§ **To do**: Use the entries below and reproduce exactly the lines from the one containing "Nike Phantom GT" down to the one containing "5 in 1 Cleanser", both of them included.

§ **Records for processing**:

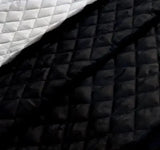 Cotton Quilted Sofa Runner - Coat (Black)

--

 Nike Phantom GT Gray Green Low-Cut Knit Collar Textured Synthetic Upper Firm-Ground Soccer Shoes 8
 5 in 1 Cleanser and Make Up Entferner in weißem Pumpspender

§ **Your solution**:
 Nike Phantom GT Gray Green Low-Cut Knit Collar Textured Synthetic Upper Firm-Ground Soccer Shoes 8
 5 in 1 Cleanser and Make Up Entferner in weißem Pumpspender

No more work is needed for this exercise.